Durante as suas investigações, Márcia Rego deparou-se com esta realidade em várias dimensões da sociedade cabo-verdiana. “Lembro-me de entrevistar padres, que obviamente faziam a missa em português, e depois eu perguntava-lhes: ‘então e a confissão?’ ‘Ah, essa parte é em crioulo’. Porque é a língua da intimidade. E não é só isso: também foi sempre uma forma de subverter. As piadas, os comentários sobre o poder e os colonizadores, até hoje as críticas políticas, acontecem em crioulo. Uma das coisas que complicam a oficialização é que o crioulo resiste a ser regularizado. Historicamente, foi a língua da oposição. E é algo que se reflete em tudo: por exemplo, muitos cabo-verdianos têm um nome português, mas depois têm uma alcunha, um ‘nominho’, mais perto do crioulo. Há sempre uma versão informal para tudo, em diferentes níveis culturais.”
Márcia Rego acredita, por isso, que o processo para que o cabo-verdiano se torne “verdadeiramente” uma língua oficial, com o mesmo peso do português, “vai demorar”.
“Por muitos séculos, o crioulo foi considerado uma corrupção do português, não era nem considerado língua. E muitos dos próprios cabo-verdianos consideram o crioulo uma língua que não vale tanto, é algo que está muito enraizado”, aponta. “A questão da língua é uma metáfora perfeita para um dilema, uma ambivalência que está presente em muitas questões da sociedade cabo-verdiana: existe uma resistência a ser-se considerado africano e, ao mesmo tempo, sabem que não são exatamente europeus. Isso também aconteceu com a bandeira de Cabo Verde. Depois da independência fez-se uma bandeira bem africana, com as cores comumente usadas, com o milho. Nos anos 90, adotou-se uma bandeira que se parece com a da União Europeia, com o azul e as estrelas em círculo.”

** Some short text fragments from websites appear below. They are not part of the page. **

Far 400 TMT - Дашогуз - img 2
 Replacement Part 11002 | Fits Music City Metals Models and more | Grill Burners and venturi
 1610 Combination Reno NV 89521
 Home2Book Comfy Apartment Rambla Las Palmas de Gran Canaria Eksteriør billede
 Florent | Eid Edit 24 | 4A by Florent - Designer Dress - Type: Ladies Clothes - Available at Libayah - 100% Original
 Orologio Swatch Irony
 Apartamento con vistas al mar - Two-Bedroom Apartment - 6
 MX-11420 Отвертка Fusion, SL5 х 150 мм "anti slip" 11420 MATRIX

Há ainda outra camada a acrescentar às questões sociais em torno da língua. Ainda hoje, o português é uma língua com um estatuto de elite, algo que acaba por também pesar nas circunstâncias que têm moldado o processo de oficialização da língua cabo-verdiana. “Não há melhor coisa que a língua cabo-verdiana para exprimir a cabo-verdianidade”, acredita Márcia Rego. “Mas o português é um símbolo de estatuto, porque quem teve uma educação mais formal fala bem o português. Toda a gente fala crioulo, mas nem toda a gente fala português. Então existe uma tradição literária em português, uma elite intelectual que fala super bem a língua e que beneficia desse estatuto. E é essa mesma elite que estuda o crioulo como uma língua independente. É algo complicado de gerir e de lidar.”